Jul 13, 2012
—Calvin Luther Martin, PhD (Summer 1993)
Fortnightly she makes her bread. For all the years I have known her she has done so. Five loaves, that’s all that can fit in the oven. It is enough. Enough for two weeks? No, for I too live by more than bread alone. It is enough grace. Remember how five loaves and two fish fed five thousand—through immense compassion.
Where there is such compassion faith comes easily: faith to move mountains, faith to feed a multitude. What mattered then, as now, was not the thrifty logic of bread but the power to see something as worthy of the full impact of the universe, whose logic and majesty is sustenance. To live filled by such amazing grace. Such imagination! Who else could have imagined feeding such a multitude? Out there in the desert.

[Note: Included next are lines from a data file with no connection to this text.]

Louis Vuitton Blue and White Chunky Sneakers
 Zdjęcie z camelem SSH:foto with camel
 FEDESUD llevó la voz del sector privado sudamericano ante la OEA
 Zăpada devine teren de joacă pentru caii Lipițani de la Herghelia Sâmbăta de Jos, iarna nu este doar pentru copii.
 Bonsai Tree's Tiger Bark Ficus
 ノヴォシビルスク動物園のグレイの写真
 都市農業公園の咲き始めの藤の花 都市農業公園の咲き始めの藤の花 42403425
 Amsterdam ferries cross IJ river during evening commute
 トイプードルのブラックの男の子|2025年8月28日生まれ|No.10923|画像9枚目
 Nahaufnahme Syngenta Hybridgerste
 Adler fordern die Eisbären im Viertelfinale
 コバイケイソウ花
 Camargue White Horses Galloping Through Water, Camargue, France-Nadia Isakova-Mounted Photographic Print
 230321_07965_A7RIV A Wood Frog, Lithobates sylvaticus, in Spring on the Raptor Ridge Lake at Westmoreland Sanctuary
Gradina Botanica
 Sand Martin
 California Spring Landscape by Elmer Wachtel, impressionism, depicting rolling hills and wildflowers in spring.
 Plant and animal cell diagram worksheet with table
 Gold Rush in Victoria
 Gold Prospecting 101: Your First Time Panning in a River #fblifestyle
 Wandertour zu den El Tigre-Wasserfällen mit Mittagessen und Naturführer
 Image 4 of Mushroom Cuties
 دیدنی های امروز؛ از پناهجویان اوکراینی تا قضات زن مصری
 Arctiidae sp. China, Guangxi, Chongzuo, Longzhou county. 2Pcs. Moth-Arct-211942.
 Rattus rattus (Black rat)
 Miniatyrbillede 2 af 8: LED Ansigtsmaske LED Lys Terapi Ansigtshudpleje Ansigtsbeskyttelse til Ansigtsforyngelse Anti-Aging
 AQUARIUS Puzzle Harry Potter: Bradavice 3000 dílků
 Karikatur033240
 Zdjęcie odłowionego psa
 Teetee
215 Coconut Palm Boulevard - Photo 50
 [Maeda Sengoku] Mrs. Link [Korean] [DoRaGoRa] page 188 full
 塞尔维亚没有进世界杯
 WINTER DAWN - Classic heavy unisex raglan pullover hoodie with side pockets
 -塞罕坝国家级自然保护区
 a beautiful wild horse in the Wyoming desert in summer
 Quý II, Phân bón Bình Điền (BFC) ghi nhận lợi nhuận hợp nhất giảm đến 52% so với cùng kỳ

Everything is possible, he whispered, as he blessed the bread and broke it and gave it away. In the exercise of grace numbers dissolve into absurdity, are confounded of meaning. One so gifted, so possessed, so engaged need not pause to calculate whether it is possible or not—such puny questions, allowing of doubt, fear even.
Only those for whom faith comes hard are fearful, he said. Faith can come hard only for the uncompassionate, I say.
Every fortnight she bakes her bread, five loaves, from a compassion that could feed a multitude. For me.